Always by your side
Things have not gone well for Valor Estate (erstwhile D B Realty) since the time it announced its qualified institutional placement (QIP). The deal happened at a 5 percent discount to the floor price, and failed to draw marquee investors.
Bears took that as a signal and began hammering the stock. What appears to have given further ammunition to the bears is Pinnacle Investments selling 3 million shares last week. Pinnacle is the family office of Prestige Estate group promoter Irfan Razack and CEO Venkat K Narayana. The Razack Family Trust is a key shareholder in DB with a 15 percent stake. An unusual clarification from Pinnacle followed, in which it reiterated its long term commitment to the company despite selling a part of its holdings. That has fallen on deaf ears for now, as the stock climbed to a high of Rs 207 during the day on Wednesday, March 27, but slipped to Rs 198 at close. It is now down 30 percent in less than two weeks since hitting a 13-year high. The fact that realty stocks in general are holding ground in a choppy market is making the Street wonder what is giving bears the confidence to go after Valor. Especially considering the buoyancy in the Mumbai real estate market.
Vote of confidence
Retail shareholders of ICICI Securities must be surprised why most institutional investors are not sharing their outrage over the proposal to merge ICICI Securities with ICICI Bank. Mutual funds may have become a dominant force, but they too need to choose their battles carefully. Opposing the merger would mean getting a better value for their ICICI Securities holdings. But then they also need to consider other factors like access to management, ICICI Bank’s distribution might, and the bank’s treasury funds that could flow into their debt schemes. As the saying goes, discretion is the better part of valour.
NAV prop desk
Among the annual rituals of Dalal Street is the net asset value (NAV) propping game.
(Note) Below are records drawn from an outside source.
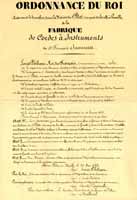 1843 : Ordonnance du Roi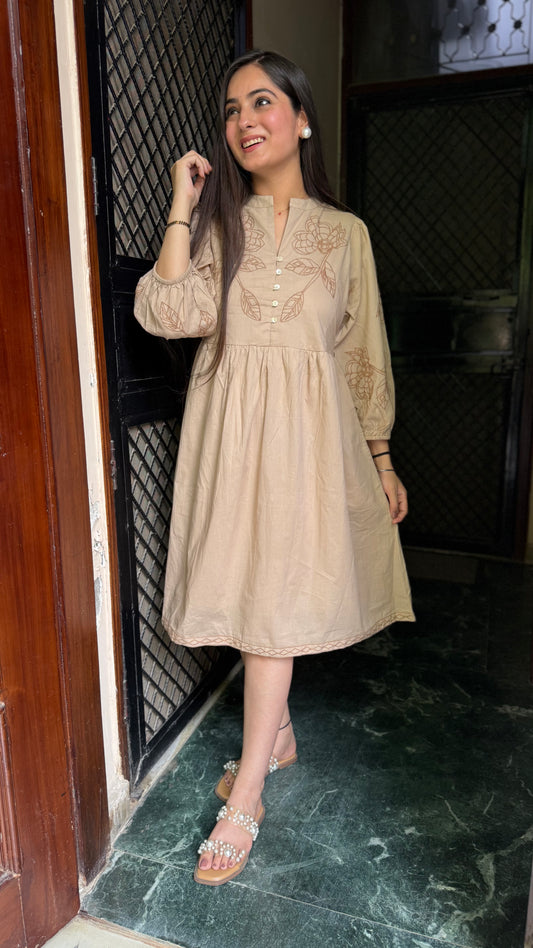 Jaanvi Beige Embroidered Dress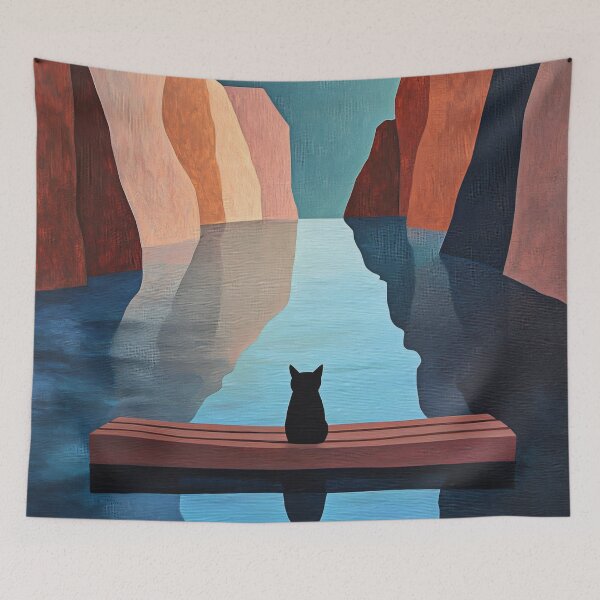 Item preview, Black Cat Canyon Moon Art Print | Geometric Reflection Painting | Terracotta and Blue Wall Art designed and sold by ThingsCatsDo.
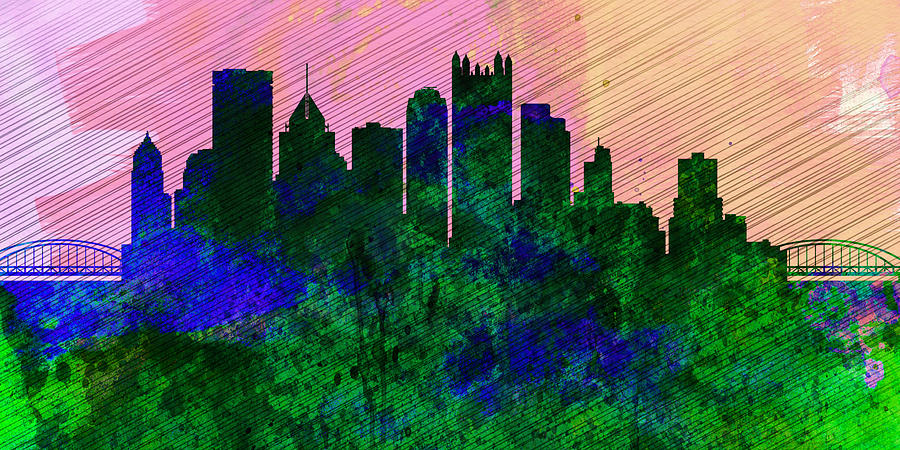 Pittsburgh Painting -  Pittsburgh City Skyline by Naxart Studio
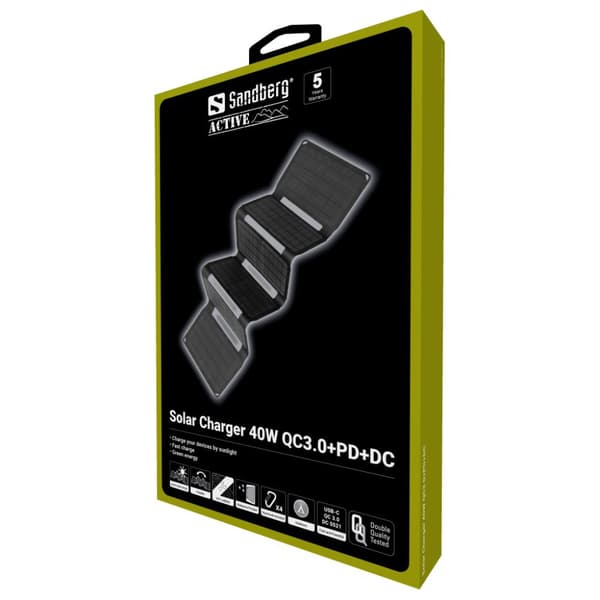 Sandberg Solcellsladdare 40W QC3.0+PD+DC, 420-67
And thanks to ever rising SIP flows every month, the task appears to have been less challenging than in some of the previous years. Fund managers wanting to show a shiny NAV at the end of the financial year are known to increase exposure to key holdings with an aim to boost the stock price. This could also include buying blocks at inflated prices from friendly brokers and then transferring it back at nearly the same price a few days later. This time the operations have been spread over 2-3 trading sessions, brokers say. Reason: A regulator who knows the ways of the market, having walked that path before.
Change in stance
Liberty Shoes has written to the stock exchanges seeking a change in the classification of two of its promoter group entities to public shareholders. Market chatter is that this could be the first step towards a reconciliation between the warring Gupta and Bansal families which are part of the promoter group. In December, rating agency Care Edge had placed Liberty Shoes under rating watch, citing the dispute between the promoters as the reason. Liberty has exclusive long-term agreements with three group firms Liberty Group Marketing Division (LGMD), Liberty Enterprises (LE), and Liberty Footwear Co. (LFC), for business and intellectual property rights. Following the removal of Adesh Gupta as CEO of the company, the above three entities controlled by the Gupta family, have issued termination notices for the agreement.